Then, participants will be helped to select a subsidised job in the private sector. If no suitable job is available, they will be helped to create a job that is based on their skill set and their knowledge of their community’s needs.

“I did not want to leave the house. I didn’t want to let others know that I am not doing well,” said Jennifer (43) to The Independent.

She is one of the people who will be apart of the pilot study and has been unemployed since 2011.

“To be part of this project feels like a dream come true,” she said of the programme, which has received a warm welcome from the town so far.

“Lacking work you can’t think positively — with work you can. That’s most important to me. If that’s right, everything else falls into place.”

Marienthal is a symbolic choice for the study. In the 1930s the town was devastated by the closure of the local textile factory, which led to social disintegration and damage to civic life. At the time, a groundbreaking social research study was carried out there.

“Researchers at the time established that the impact of losing a job went well beyond financial hardship and could have a profound psychological impact on a person concerned, and wider repercussions in their community,” says The Independent.

The new study hopes to measure the opposite: how a guaranteed job could uplift a community and the individuals in it.

Economists have long been proponents of an unconditional job guarantee as a way of controlling unemployment. The study will provide valuable evidence with regard to the question of whether a job guarantee or a universal basic income is a better approach.  The Marienthal study, however, is the first time that the plan has been tested on a large scale.

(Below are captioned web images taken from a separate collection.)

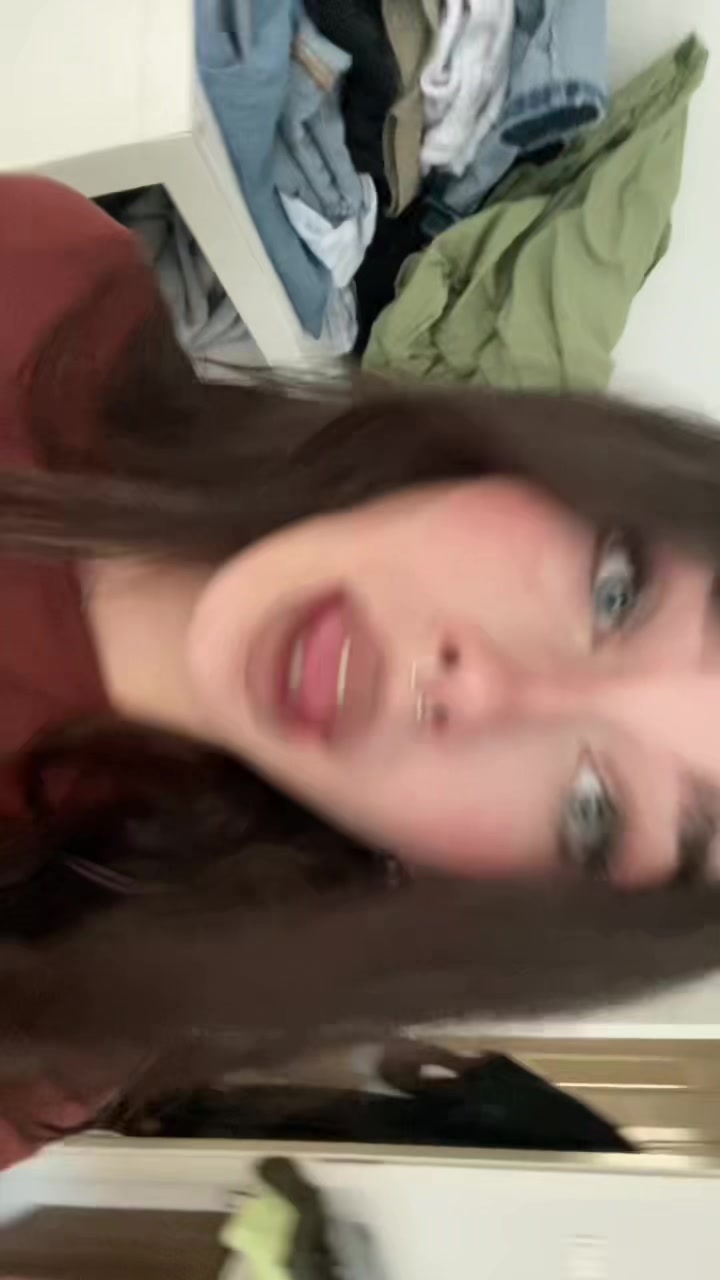 @emma :)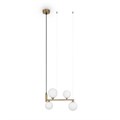 MOD013PL-04BS1 705775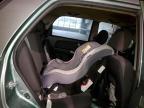 2008 Kia Sportage Ex   for Sale in Graham, WA - Burn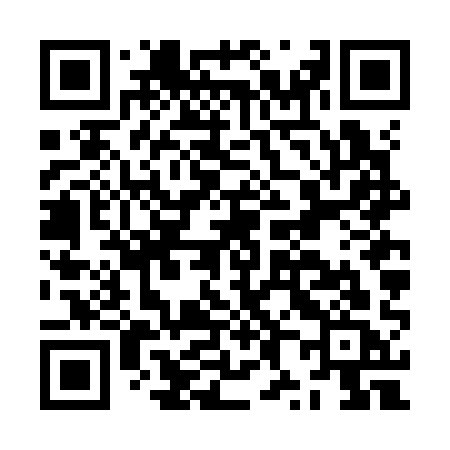 QR code for JX6K1C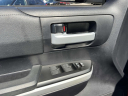 Thumbnail image of 2020 Toyota Tundra at Atlantic Toyota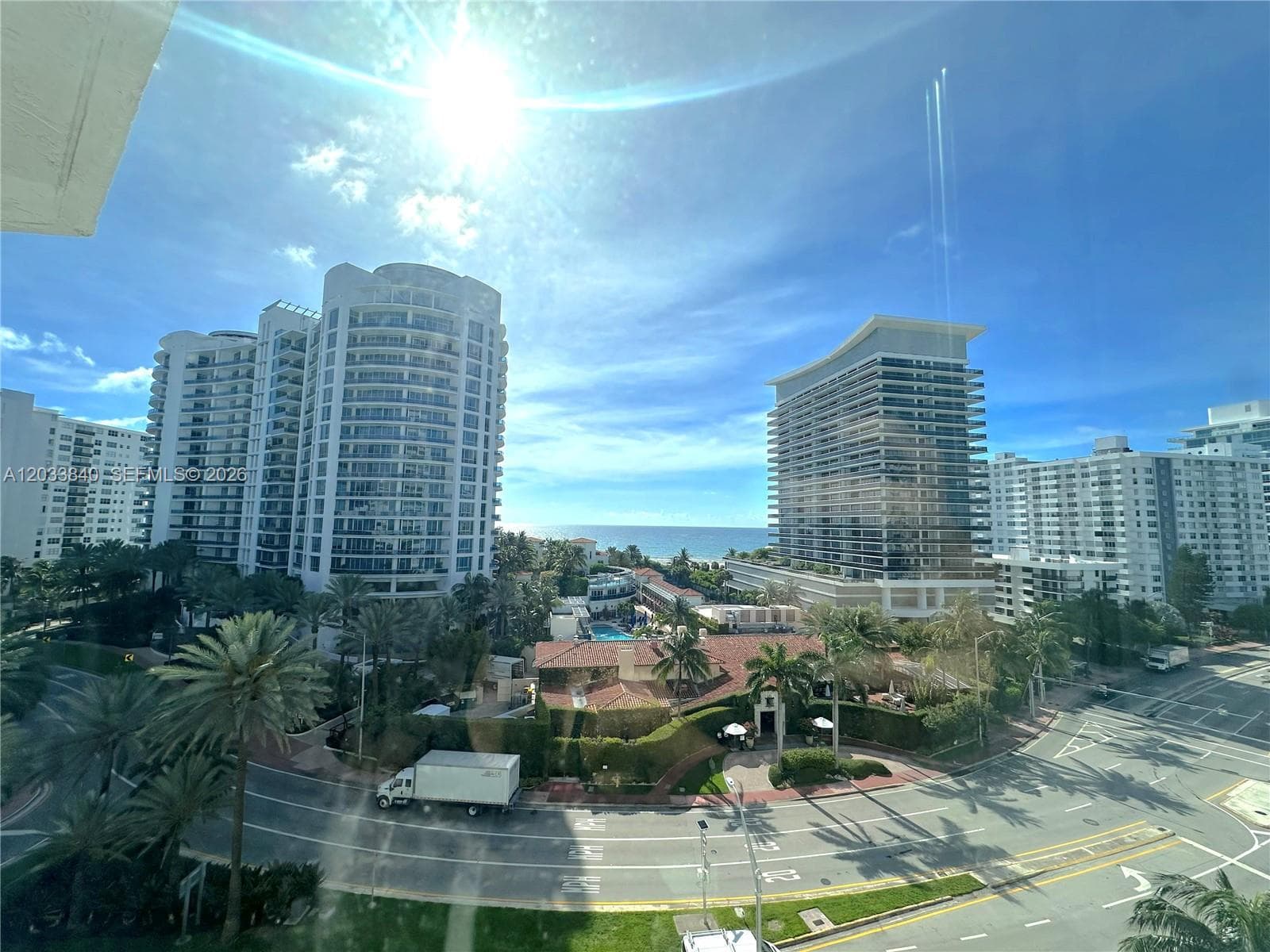 5900 Collins Ave # 906, Miami Beach FL 33140 — 23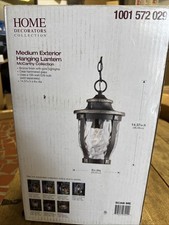 Home decorators collection for sale  Rome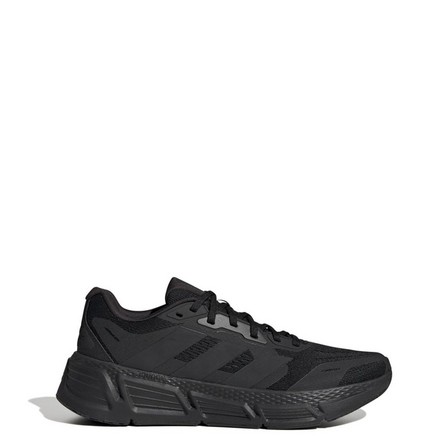 Men Questar Shoes, Black, A701_ONE, large image number 17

Legislators across the globe will be following the three-year study closely, as there is mounting international interest in this approach. Prominent supporters of a job guarantee include former US presidential candidate Bernie Sanders.

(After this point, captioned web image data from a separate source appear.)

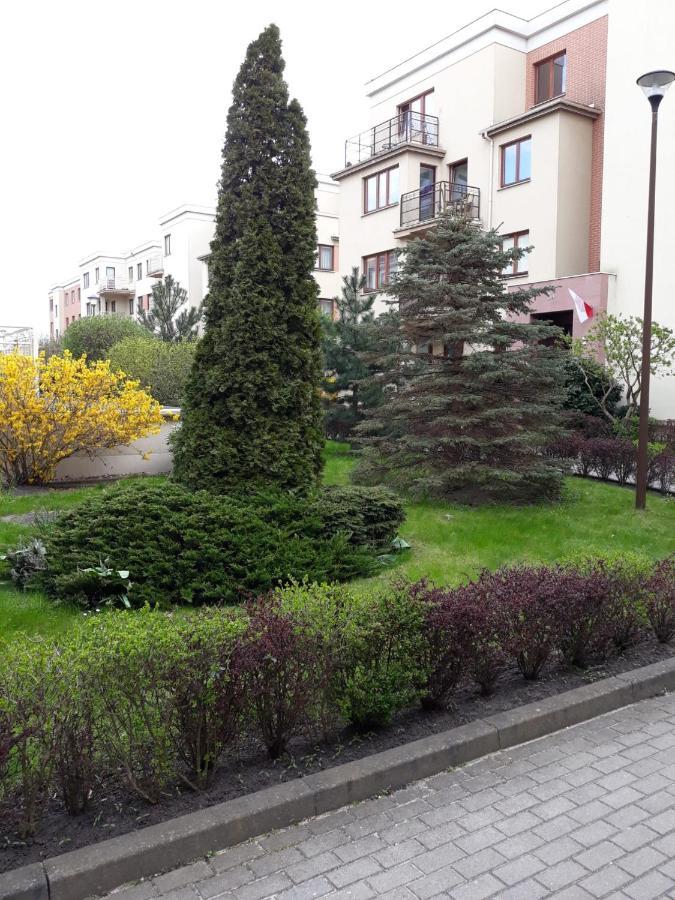 Domola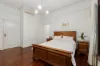91 Holland St, Wembley, WA 6014-Image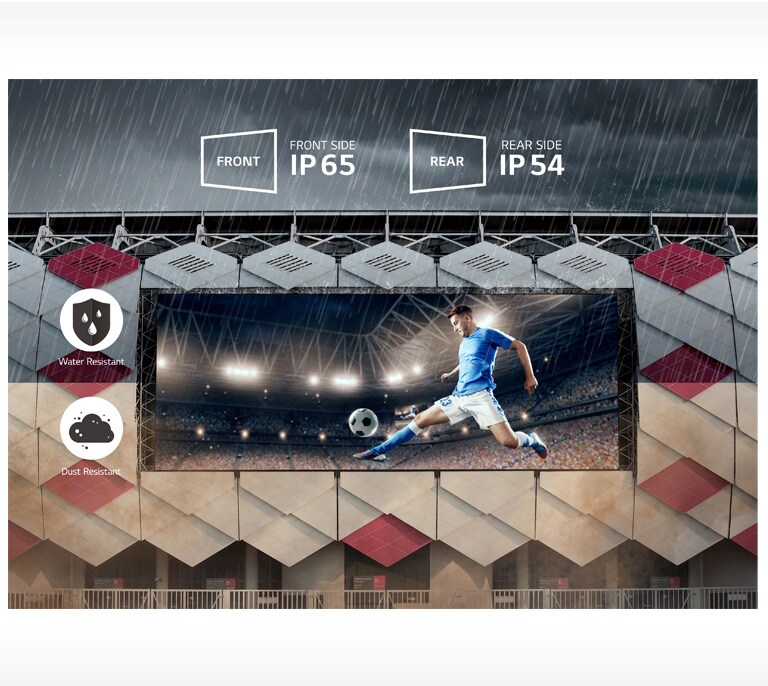 ID-LBS-Stadium-02-Reliable-Weatherproof-Design__1554353057509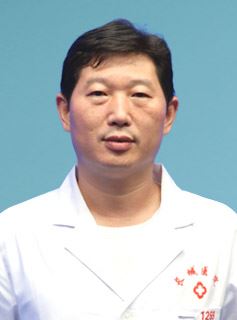 宋彦涛-脑病一科主任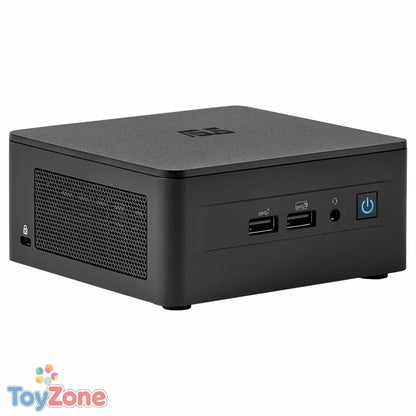 V4H67C0A9A0135856ECD88709A7DB365FDDR5002569P3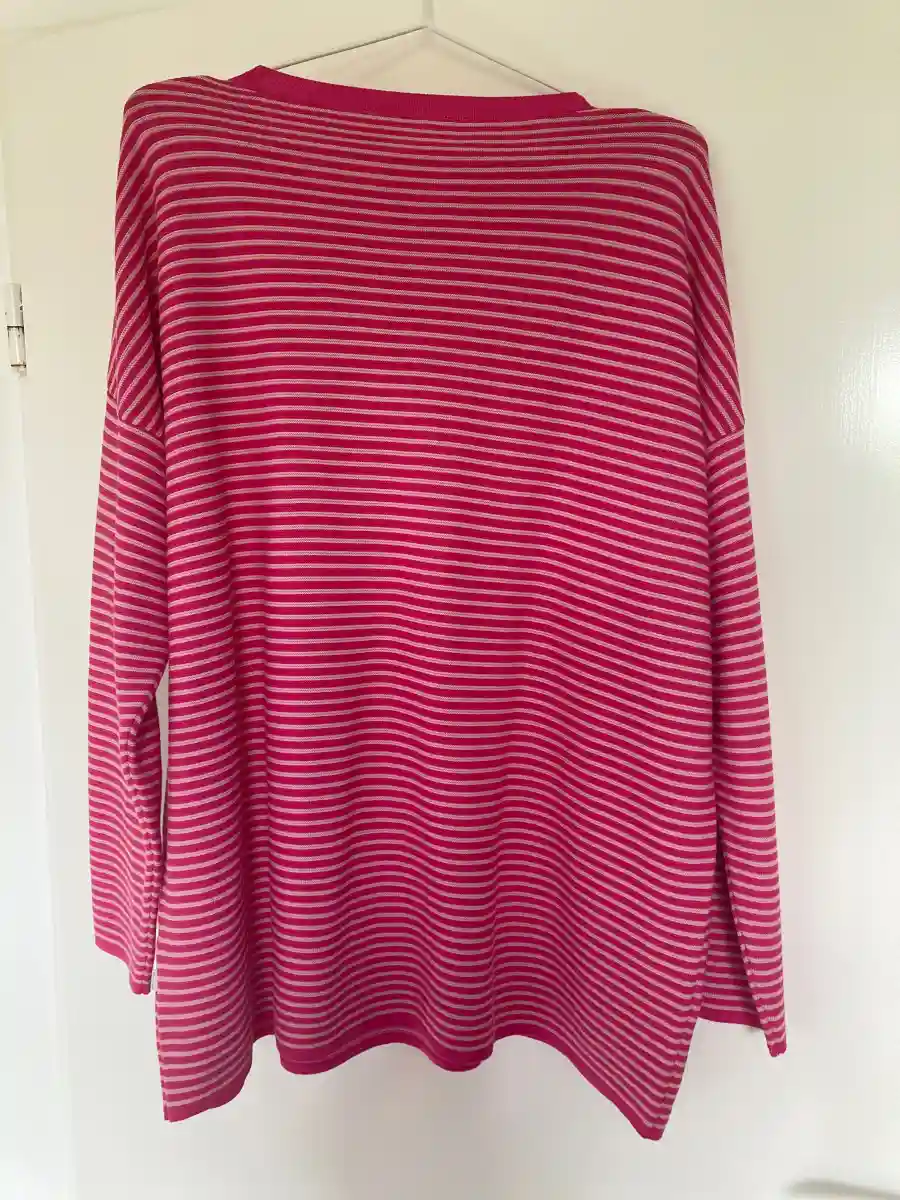 MAERZ MUENCHEN Pullover Bild 3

Lukas Lehner, one of the economists who designed the study said to the Independent that “[w]ith many jobs already lost and warnings of a tidal wave of unemployment around the corner, it’s understandable that the idea of a universal jobs guarantee is gaining interest.”

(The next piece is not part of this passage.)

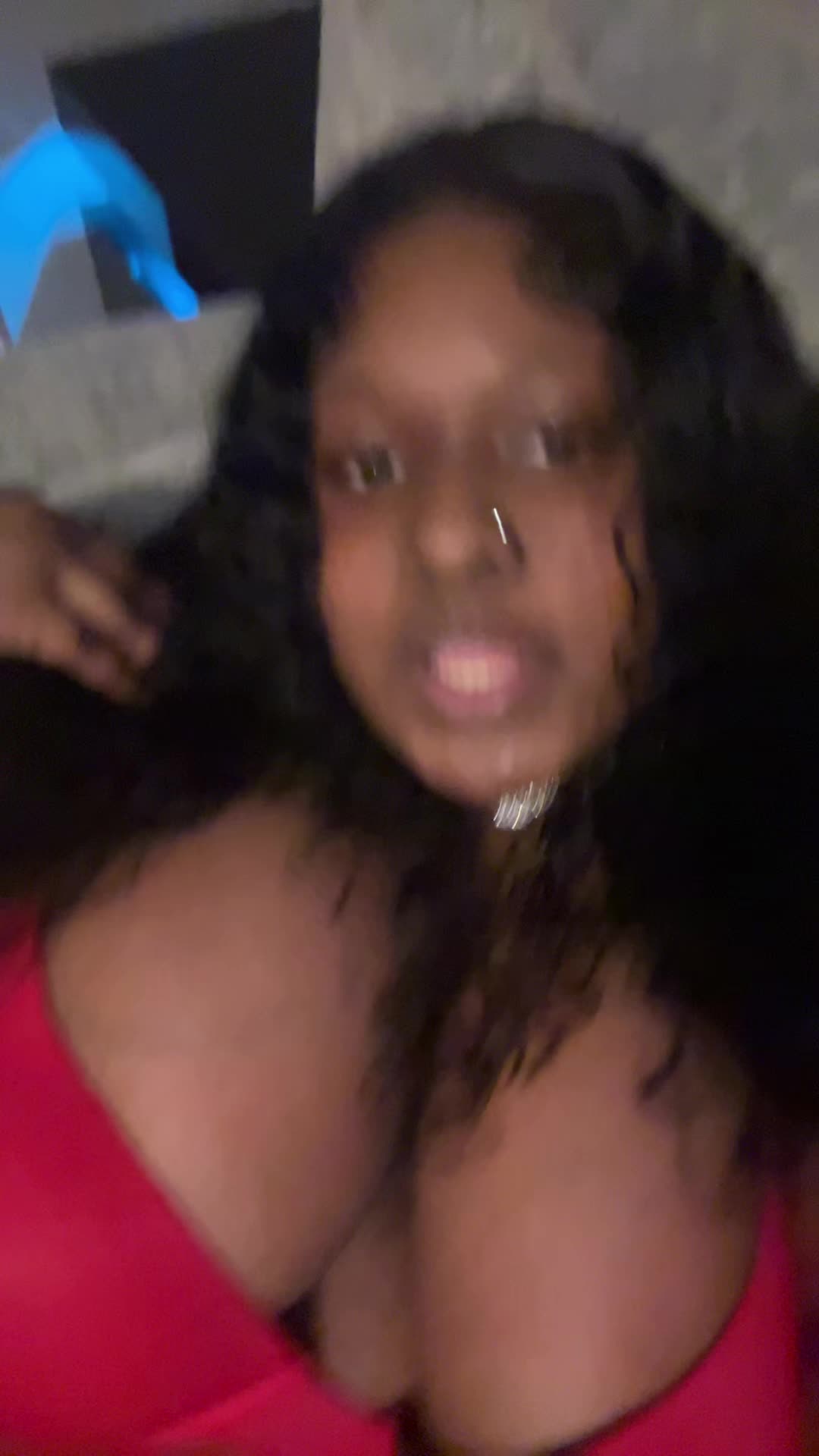 @kay
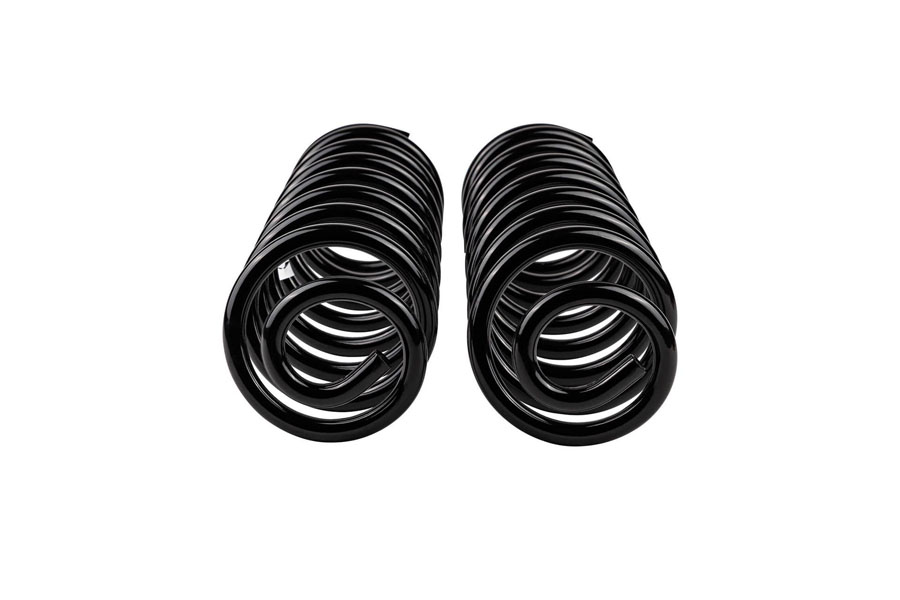 ARB Old Man Emu Rear Coil Springs Pair - JK 4DR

The pilot study is expected to cost €7.4-million (R140 206 745,05)— this amounts to a cost of €29 841 (R565 393,25) per participant, according to the researchers. They say that this is almost equal to the annual cost to society of an unemployed individual, which is  €30 000 (R568 405,80) at present.

The project will also generate around €383 000 (R7 256 647,38) in revenue.

The pilot study will be funded by the Public Employment Service of Lower Austria.